A 2020 peer-reviewed study of children ages 7–11 found that the primary difference for students with ADHD was not in basic sensory processing. The real challenge was praxis — the ability to organize and carry out actions. This is the skill that allows a student to start a task, follow the steps in the right order, and finish it.
Read the full study here:
In school, praxis is required for solving multi-step math problems, organizing writing, completing assignments, and working independently. This is why a child can understand a concept, explain it out loud, and still be unable to complete the work on paper. It is not a lack of effort. It is a difficulty turning an idea into an organized action.
The study also showed that this planning and sequencing difficulty exists even when impulsivity is taken into account. In other words, the issue is not simply self-control — it is how the brain organizes complex tasks.
This has major implications for how students are taught. When children are placed in low-structure environments and expected to manage their learning independently too early, many of them are being set up for frustration. Independence is not created by removing support. It is built through modeling, guided practice, and clear step-by-step systems.
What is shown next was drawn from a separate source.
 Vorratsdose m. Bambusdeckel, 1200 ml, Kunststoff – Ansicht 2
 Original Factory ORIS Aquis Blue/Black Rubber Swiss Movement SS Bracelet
At Harmon School, we explicitly teach students how to plan their work, how to break tasks into manageable parts, and how to complete them successfully. We do not assume these skills — we build them every day through structured instruction and executive function coaching.
When students learn the process for completing work, not just the content, their confidence grows, their anxiety decreases, and real independence becomes possible.
That is how the brain learns. And that is why our model works.